Getting Down and Dirty

In my last post I wrote about the importance of risk taking and how nature can facilitate that for children (and adults).  I was reminded of this very notion yesterday as my oldest daughter led my youngest and I across a slippery and, in my opinion, terrifying path!  We were walking in Euclid Creek along a path less traveled.  It is a rugged, hidden walkway with fallen trees to jump over and slide under, roots pop up under the feet as you kick away the quiet carpet of fall leaves, and creep along what seems like a 500 foot drop along the river.  In all honesty, the drop is about 50 feet, but for someone (like me) terrified of heights it feels much higher.  It also doesn’t help build confidence in shaky adventurers like myself when I feel my feet sliding uncontrollably in the mud.  I have to admit, I was petrified as we went from walking quietly through the carpeted forest with Noel, our Labrador Retriever, leaping and bounding over fallen trees and through chilly creek water to sliding across the top of a muddy ridge above the creek.  I got to the front of trail and told my oldest daughter that I can’t walk on a narrow path on the edge of  cliff.  She said, “Mom, come on.  You are always telling us to be confident and put ourselves out there.  This is your time to be a risk taker.”  I realized she was right.  I was still scared out of my mind, but I could see that they both had walked across the cliff and neither had slipped and certainly neither had plummeted down to the rocky creek below.  So, I edged up slowly to the beginning of the path and put one foot in front of the other.  My knees were shaking and butterflies were fluttering all through my stomach and up into my throat.  I had to psych myself into continuing to move my feet forward.  I was literally saying (or more like yelling) out loud, “I CAN do THIS” as my two daughters cheered me on.  Noel ran back and forth between my girls and I while I inched along this treacherous path.  When I say ran, I mean she was like a Tasmanian devil moving at lightening speed, barreling past me as if one careless step wouldn’t push she and I both to our deaths (or at least cause a painful sprained or broken bone) as we tumbled to the creek below.
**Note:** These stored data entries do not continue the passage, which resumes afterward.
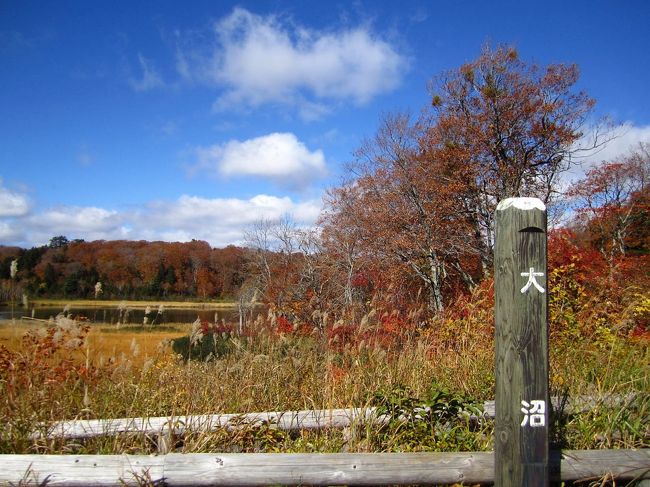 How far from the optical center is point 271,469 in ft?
9.73

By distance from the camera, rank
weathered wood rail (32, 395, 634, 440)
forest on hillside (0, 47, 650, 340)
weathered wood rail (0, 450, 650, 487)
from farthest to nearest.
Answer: forest on hillside (0, 47, 650, 340) < weathered wood rail (32, 395, 634, 440) < weathered wood rail (0, 450, 650, 487)

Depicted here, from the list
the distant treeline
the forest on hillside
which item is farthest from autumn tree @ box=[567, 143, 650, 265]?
the distant treeline

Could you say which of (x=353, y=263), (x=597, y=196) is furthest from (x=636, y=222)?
(x=353, y=263)

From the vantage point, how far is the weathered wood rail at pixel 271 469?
2.89 m

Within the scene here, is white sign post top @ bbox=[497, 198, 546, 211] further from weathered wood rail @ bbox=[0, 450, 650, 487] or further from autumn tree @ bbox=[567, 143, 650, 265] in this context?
autumn tree @ bbox=[567, 143, 650, 265]

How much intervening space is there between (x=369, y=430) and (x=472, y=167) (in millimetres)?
14806

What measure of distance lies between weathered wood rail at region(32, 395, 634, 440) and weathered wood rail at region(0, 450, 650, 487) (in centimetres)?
50

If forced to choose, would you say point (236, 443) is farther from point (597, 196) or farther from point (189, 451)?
point (597, 196)

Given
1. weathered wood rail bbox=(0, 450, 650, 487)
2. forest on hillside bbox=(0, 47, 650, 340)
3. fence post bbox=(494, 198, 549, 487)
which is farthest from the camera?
forest on hillside bbox=(0, 47, 650, 340)

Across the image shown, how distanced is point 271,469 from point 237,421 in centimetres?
82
I reached the end of the path and my exhausted shaking legs gave way to a sense of strength and accomplishment.  This time it wasn’t me encouraging my children, but them harnessing a spirit of confidence and risk-taking within myself that got me across that perilous path.  I filled with pride and joy at the certainty they both exuded along with their ability to encourage their mother through a frightening experience.